Tax experts Richard Murphy and Colin Hines published a report with Green Party MP Caroline Lucas yesterday, which argues that today's cuts in government spending are not economically necessary, but rather are "an ideological choice" - part of the Liberal-Conservative agenda for small government.
Instead of just slashing spending, the authors of the report suggest a number of other ways to cut the budget deficit. The proposals fall into two categories:
- Actions to tackle tax evasion and non-payment of tax
- Measures to tackle tax avoidance and raise additional revenues
So let's take a each set of proposals in more detail...
1. Tackling tax evasion and non-payment of tax
The report includes five proposals to tackle tax evasion and non-payment of tax:
(a) Stop HM Revenue & Customs redundancy programme: this would cost £10m a year, but pay for itself as a result of less tax evasion.

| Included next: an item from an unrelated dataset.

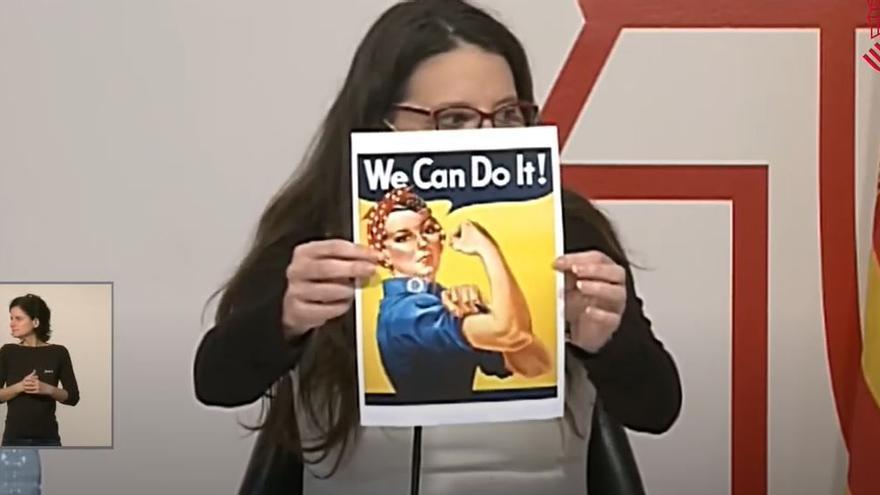 Mónica Oltra muestra el cartel del &quot;We can do it&quot;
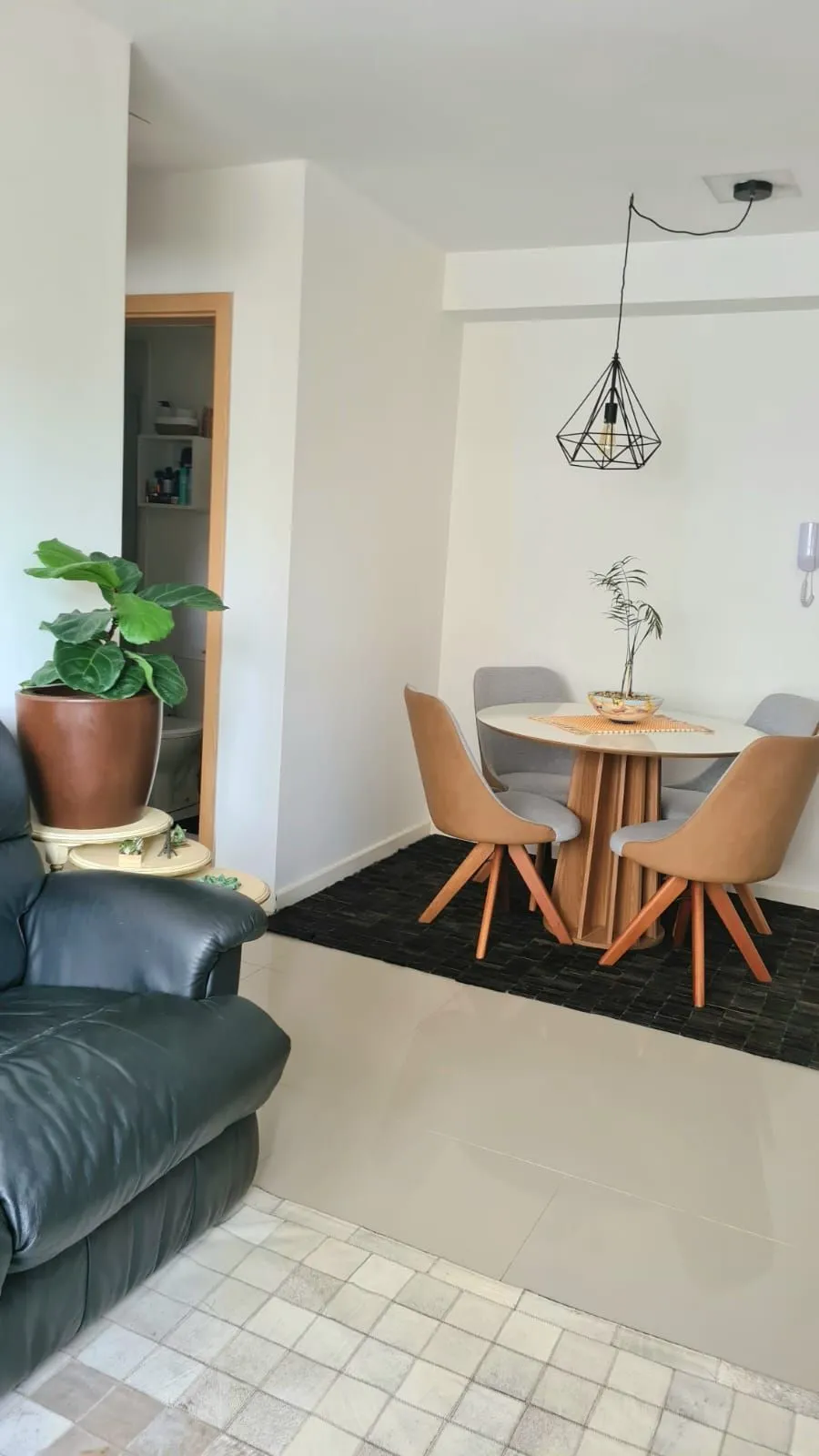 Imagem Apartamento 2 Dormitórios Jardim Carvalho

(b) Keep all local tax offices threatened with closure: again, the cost implications are minimal and will be paid for from enhanced local debt recovery and improved tax compliance.
(c) Aggressively collect tax due: in November 2009, HMRC estimated that there were £28bn of outstanding taxes owing to it. Greater efforts in tax collection could, as a result, pay rich dividends.

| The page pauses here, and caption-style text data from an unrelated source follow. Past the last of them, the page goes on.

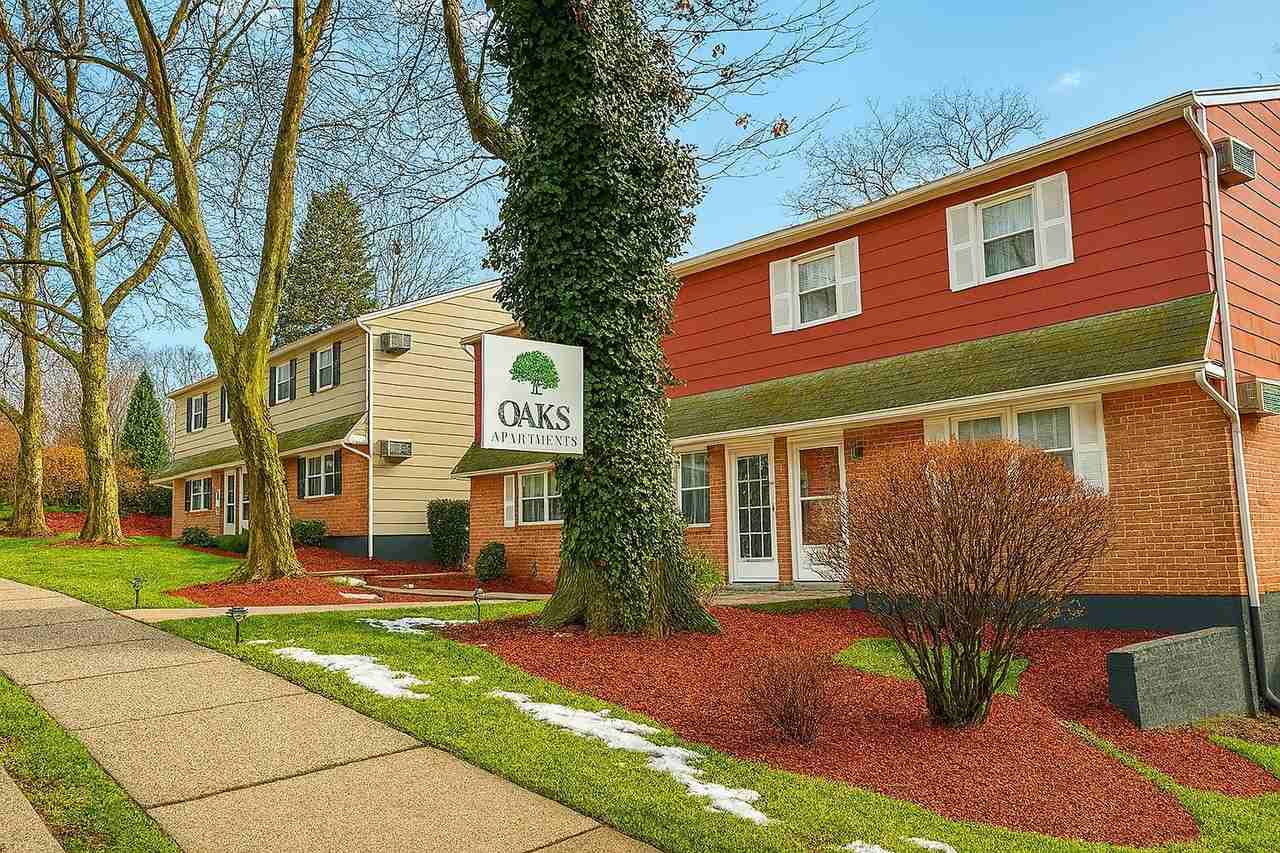 Oaks Apartments - Photo 6 of 6
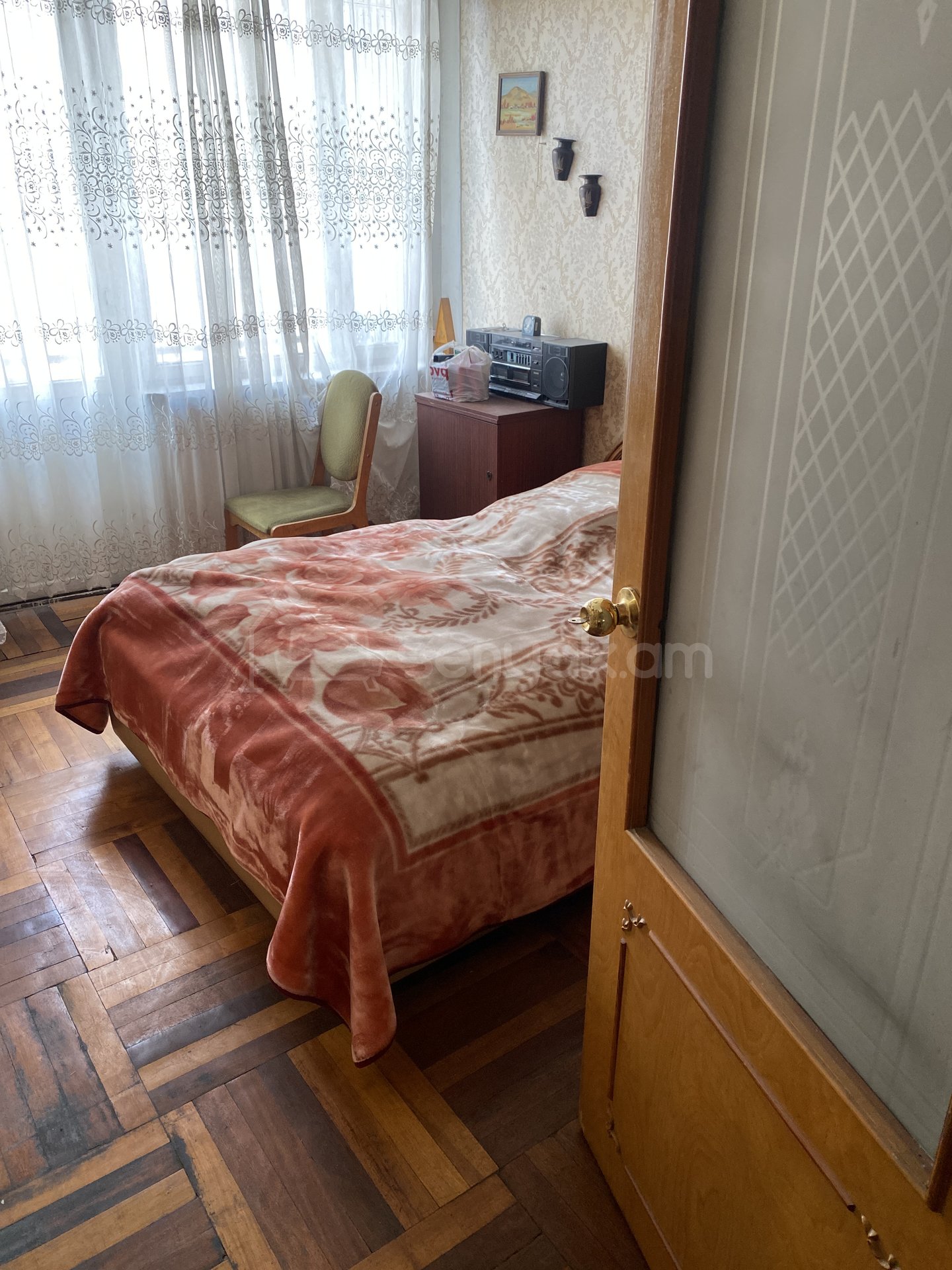 4 Սենյականոց Բնակարան Նորակառույց Քարե Շենքում, 90քմ, 3/5 հարկ, Նորմալ Վիճակում, Կահավորված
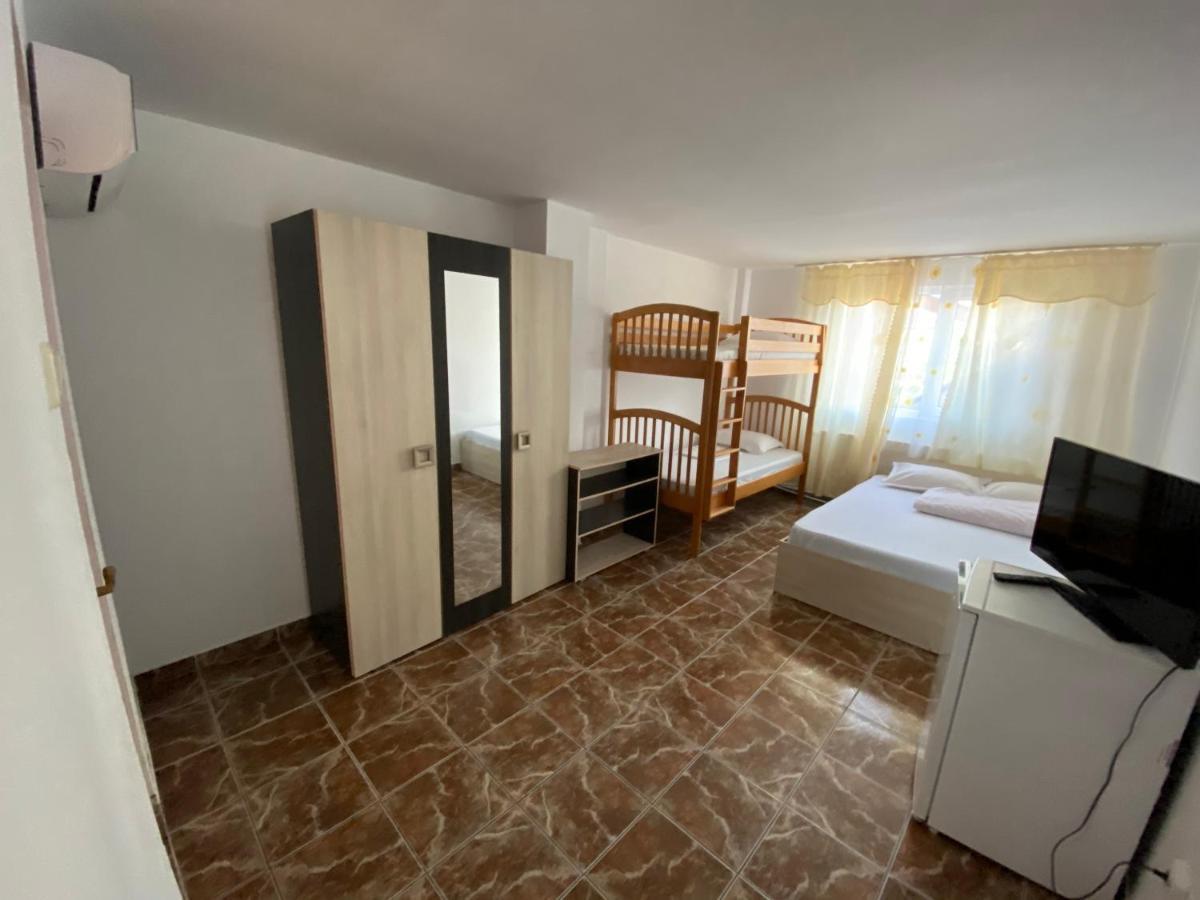 Casa Ciobi 호텔 Două Mai 외부 사진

(d) Recruit 20,000 new staff at HMRC to train as taxpayers to tackle tax avoidance and evasion, enhance service to taxpayers, reduce fraudulent claims for payment made to HMRC, and recover debt owing: as above, the cost implications are insignificant in light of the additional tax that could be collected.
(e) Reopen tax offices (to house new recruits): since many offices are already available to HMRC under PFI schemes, the cost of doing this would also be relatively low.

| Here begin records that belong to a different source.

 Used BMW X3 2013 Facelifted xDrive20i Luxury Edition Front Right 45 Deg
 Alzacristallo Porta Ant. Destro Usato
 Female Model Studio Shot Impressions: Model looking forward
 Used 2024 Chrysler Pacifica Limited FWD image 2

2. Tackling tax avoidance and raising additional revenues
(a) Extend 50% higher income tax rate to all income over £100,000 (from current threshold of £150,000).
(b) End tax relief for employers on all salaries and benefits provided in kind that results in an employee having total income from related employments exceeding ten times median UK earnings in a year.
(c) Prevent anyone earning more than £100,000 a year claiming more than £5,000 a year in tax reliefs above their personal allowance.
(d) Limit the time period for the carry forward of bank losses.
(e) Reintroduce 10% tax band to help those on lowest incomes.
(f) Uncap national insurance contributions and make them payable on investment income.
(g) Additional 10% tax on bank profits.
(h) Limit ISA tax relief to funds invested in new Green projects alone.
(i) Introduce a General Anti-Avoidance Provision.
(j) Change the legislative basis for interpreting UK tax law so any action contrary to the spirit rather than the letter of tax legislation can be challenged in court.
(n) Reform rules on company residence so that companies cannot claim they've left the UK simply by holding their board meetings in another country.
(o) Enhance the rules on controlled foreign companies so that intellectual property rights cannot be easily transferred to tax havens without tax being due.
(p) Restrict the offset of interest against taxable income both for companies to reduce the incentive to overload companies with debt.
(q) Restrict the tax relief available to those borrowing to finance buy to let properties to create a level playing field between new owner occupiers and new landlords.
(r) Demand that all tax havens in the world enter into Tax Information Exchange Agreements with the UK.
(s) Promote the use of new mechanisms for Automatic Information Exchange between all tax jurisdictions except those where human rights abuses are commonplace.
(t) Reform the basis of tax residence in the UK so that a person with a UK passport is liable for tax on their world wide income unless they live in a state with a tax system broadly equivalent to the UK's.
(u) Radically reform the way in which small companies are taxed to both simplify current arrangements and prevent abuse. This would require the income of such companies to be treated as belonging to their shareholders, unless those shareholders are not resident in the UK, so preventing tax deferral by use of corporate structures.
(v) Introduce a 'Robin Hood Tax' on all derivate, swap, bond and over the counter trading in the UK.
(w) Reform the tax relief for charities to stop abuse, increase the income of charities and to cut their administrative burden.
(x) Introduce a 'bank debit tax' charging all payments from a UK bank account to tax at a tiny rate, and in the process replacing VAT, at last in part, with a more progressive tax based on a broader and therefore more progressive tax base.
(y) Introduce country-by-country reporting for all multinational corporations based in the UK, and demand it be introduced internationally by the International Accounting Standards Board and European Union so that multinational corporations will be required to account publicly for where they declare their profits and where they pay taxes, including full disclosure with regard to tax havens and secrecy jurisdictions.
(z) Introduce an empty property tax.